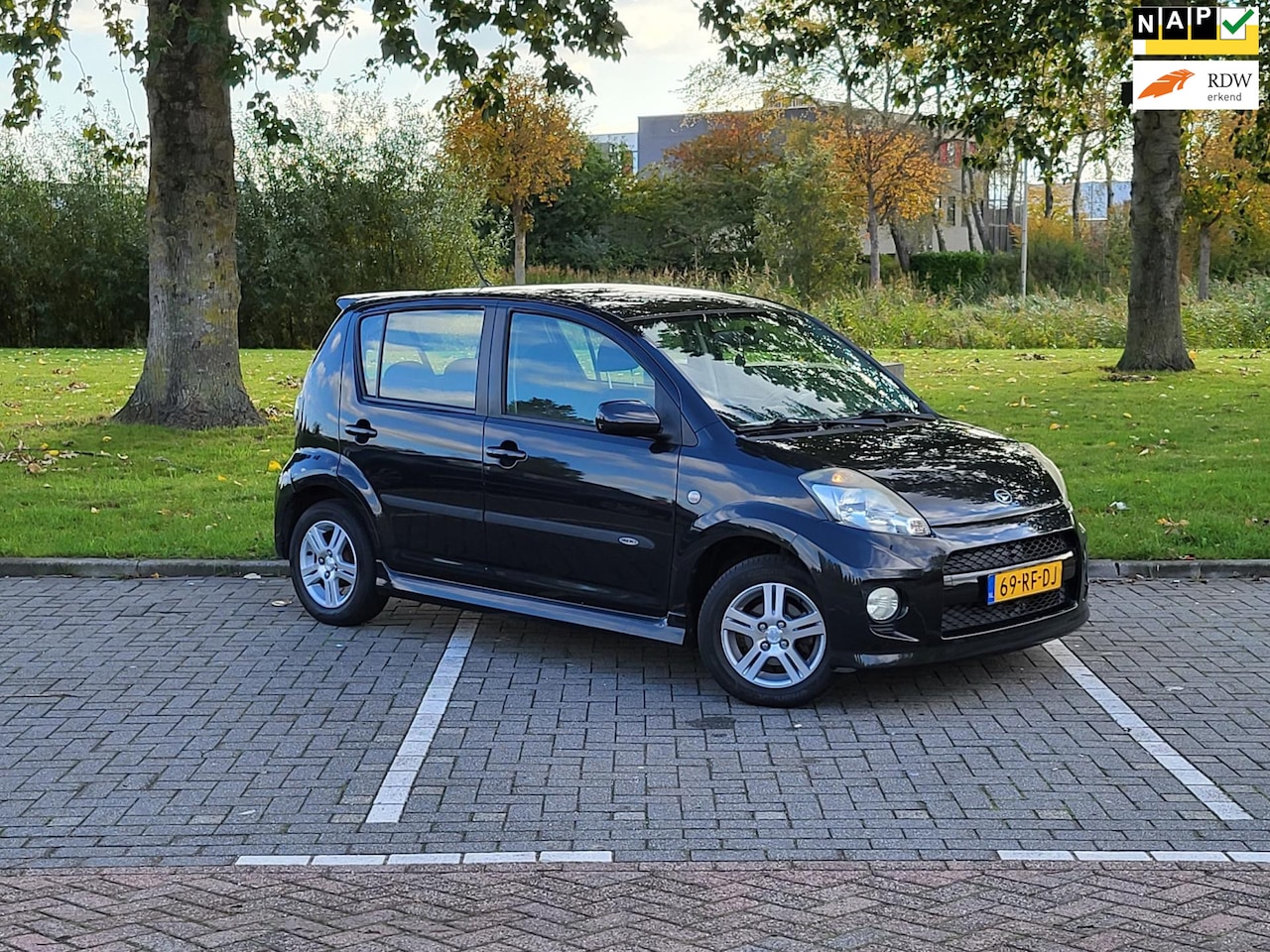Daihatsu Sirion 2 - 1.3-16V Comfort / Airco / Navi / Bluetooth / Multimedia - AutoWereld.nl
————
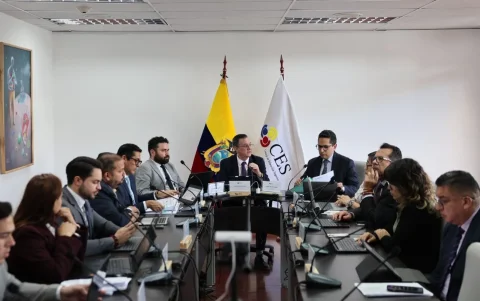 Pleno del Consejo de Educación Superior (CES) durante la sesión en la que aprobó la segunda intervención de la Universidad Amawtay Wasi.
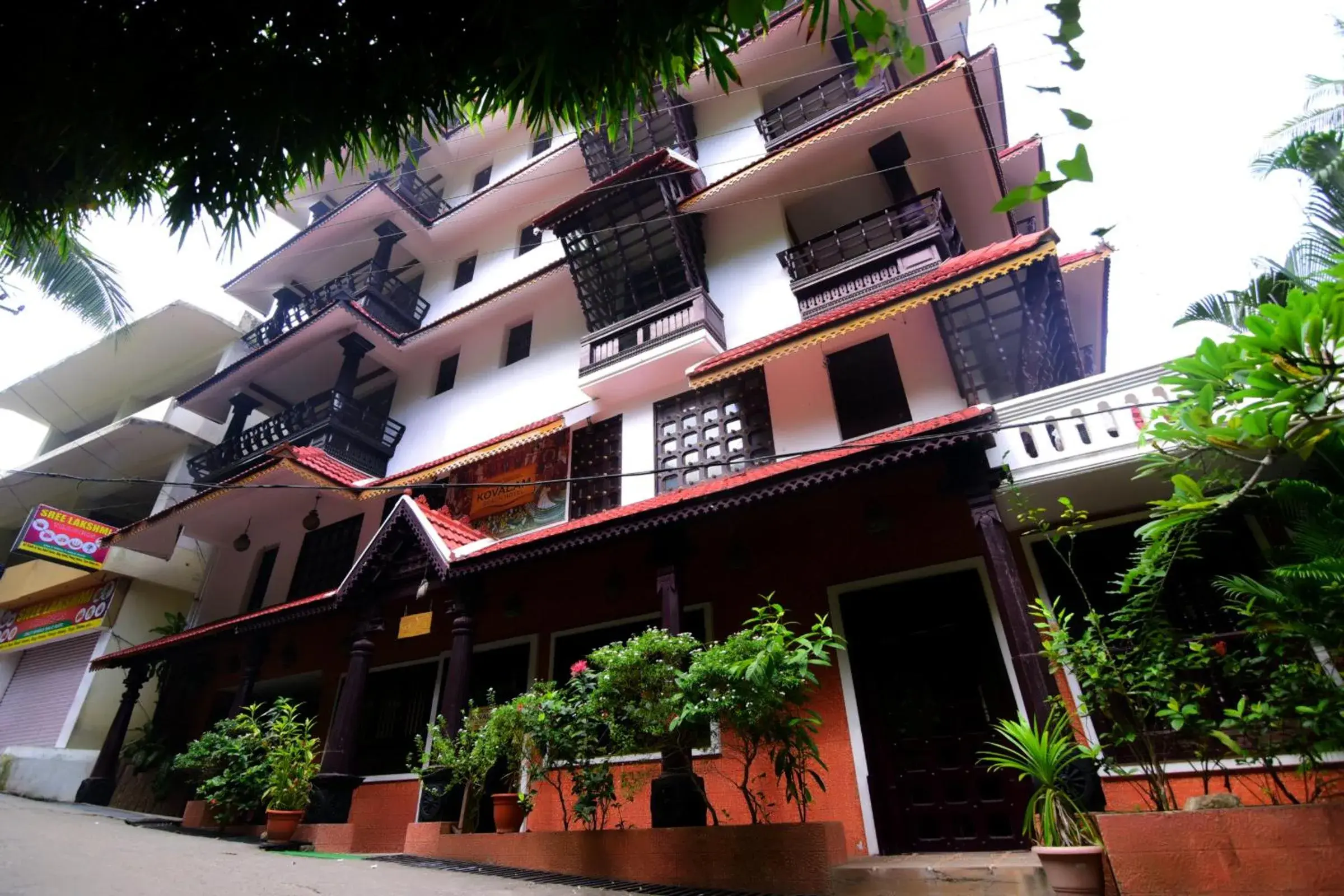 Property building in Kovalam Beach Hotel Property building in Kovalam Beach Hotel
————
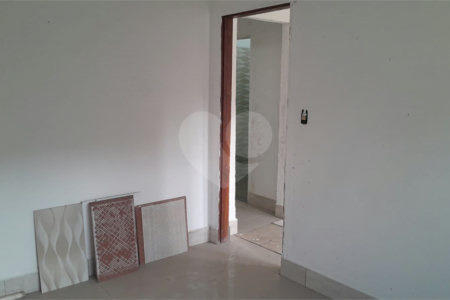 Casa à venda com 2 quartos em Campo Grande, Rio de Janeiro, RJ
————
Exercise goal: In the listing above, find the line with "Pleno del Consejo" and the line with "Property building in Kovalam Beach Hotel Property". Output both, plus every line between them, and no pictures.

Exercise response:
 Pleno del Consejo de Educación Superior (CES) durante la sesión en la que aprobó la segunda intervención de la Universidad Amawtay Wasi.
 Property building in Kovalam Beach Hotel Property building in Kovalam Beach Hotel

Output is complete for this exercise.